How To Beat Hillary Clinton

According to the guys she beat. What they learned from losing to Hillary and her machine. (With additional reporting by Matt Ford.)

Back before Hillary Clinton was unbeatable, and before she was beaten, she was pretty much unbeatable.

In a pair of New York Senate races in 2000 and 2006, Clinton and her sprawling network intimidated potential candidates like Rep. Nita Lowey and Mayor Rudy Giuliani out of the race, relentlessly battered the ones who made it in, and sailed to easy November victories.
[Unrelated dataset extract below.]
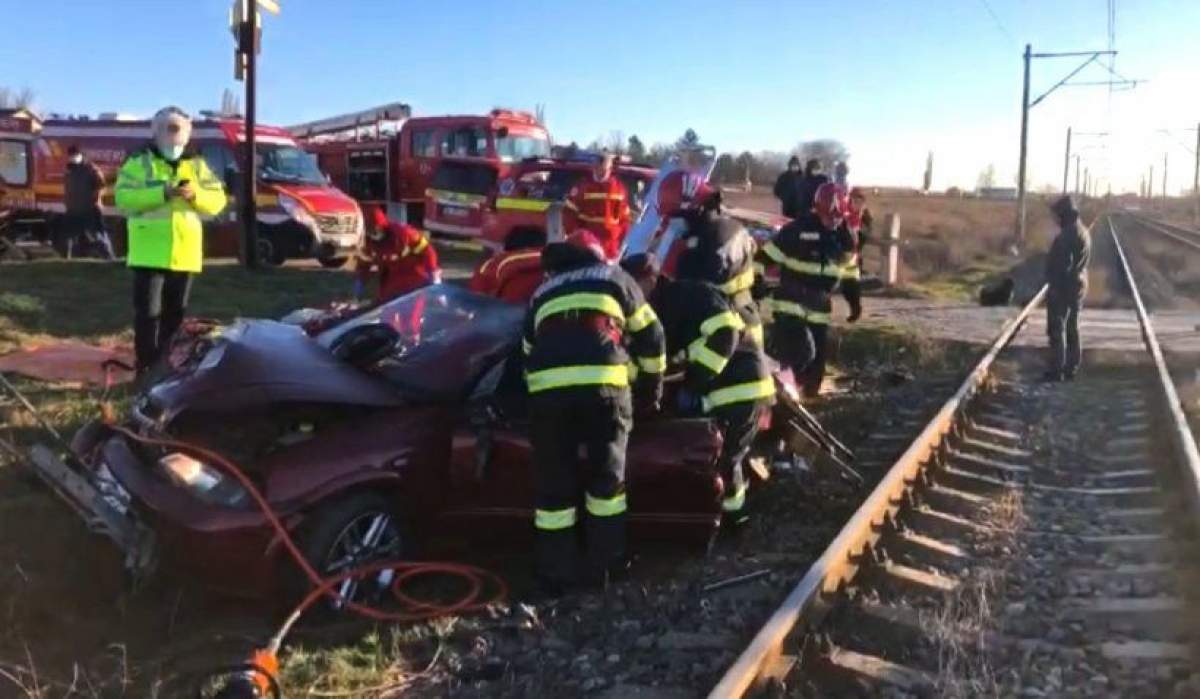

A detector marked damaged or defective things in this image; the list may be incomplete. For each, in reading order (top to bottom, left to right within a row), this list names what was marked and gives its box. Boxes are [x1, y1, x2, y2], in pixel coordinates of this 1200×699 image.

shattered windshield [316, 284, 524, 402]
crushed red car [35, 286, 808, 600] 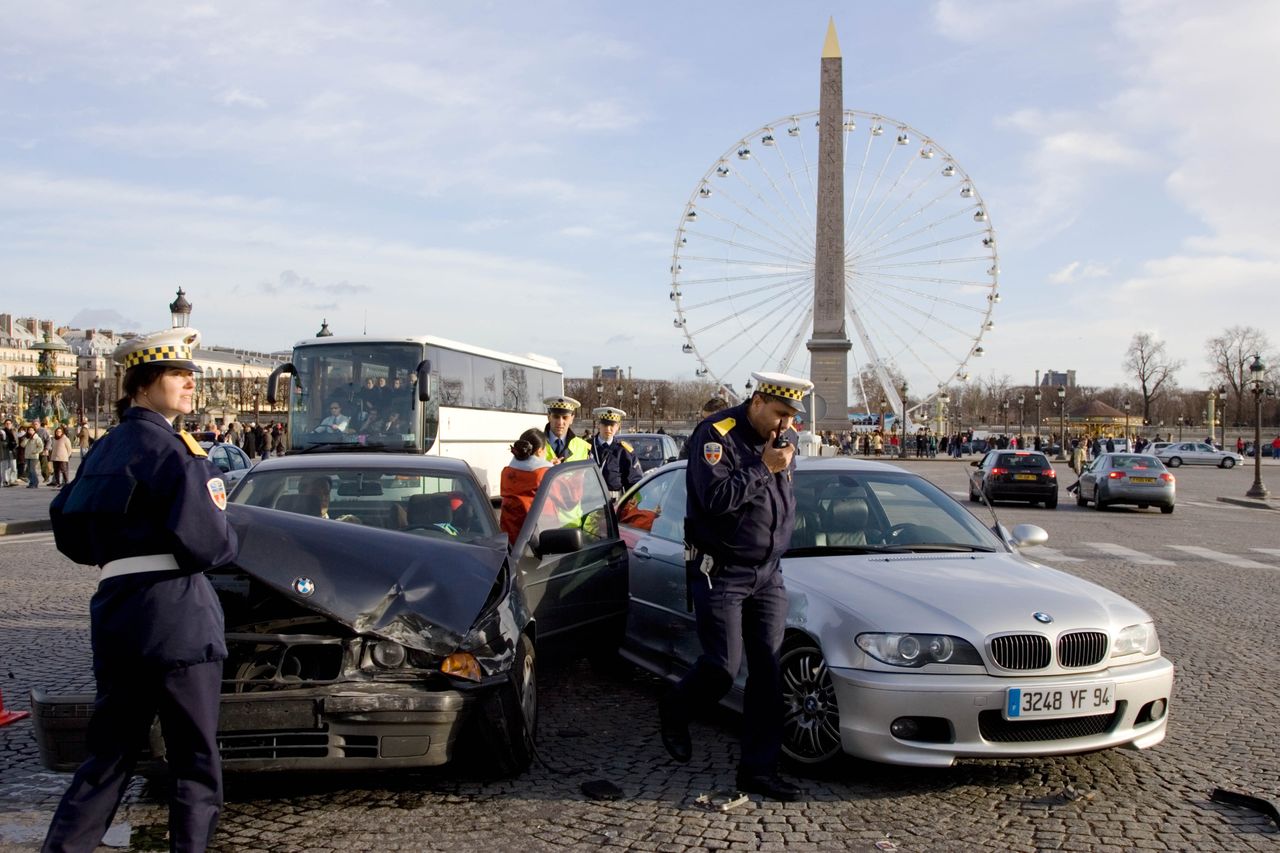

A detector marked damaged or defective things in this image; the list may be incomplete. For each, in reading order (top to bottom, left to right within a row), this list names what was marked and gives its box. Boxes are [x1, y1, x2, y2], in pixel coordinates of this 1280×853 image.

Reporters who covered those races (I started as a political reporter soon after the first, and covered the second) and Republicans who ran and worked on them recall to this day being surprised at times by her woodenness, her lack of policy ambition, and the cracks beneath the surface of her organization. But she was also tireless and well-prepared, and she won handily — breaking 55% in 2000, 83% in the 2006 primary, and 67% in that general election.

"You have to have your flak jacket on and be prepared to take the hits," her 2000 challenger, Rick Lazio, told BuzzFeed News in an interview last week. "She will have an effective and ruthless campaign team and the toughest or dirtiest work will be done by operatives whose authorship will never be published — they're going to be behind the scenes and they'll be thorough and they'll be as brutal as anyone who's ever been in politics can be."

Clinton's entry into electoral politics felt, at first, preposterous: Rep. Charles Rangel led a faux draft to supposedly drag the divisive first lady into the Senate race in a state where she had no real connection. The Clintons muscled out a local Democrat for a clash of the titans — Hillary vs. Rudy! — only to have Giuliani pull out as his own personal and public life got messy. Her political transformation was just as stunning. By 2006, she was an uncontroversial, moderate, and hard-working incumbent with a reputation for bipartisanship who had spent real time in Rochester.

But the forgotten men of those races — Lazio, Mayor John Spencer in 2006, and her 2006 primary challenger Jonathan Tasini — remember them well, as did half a dozen of their former aides interviewed last week. And while the lessons of her 2008 defeat at the hands of Barack Obama have been studied pretty much to death, Republicans also should consider the lessons of her victories over New York Republicans in the 2000s, victories that revealed both strengths and vulnerabilities that, after all these years, haven't changed all that much.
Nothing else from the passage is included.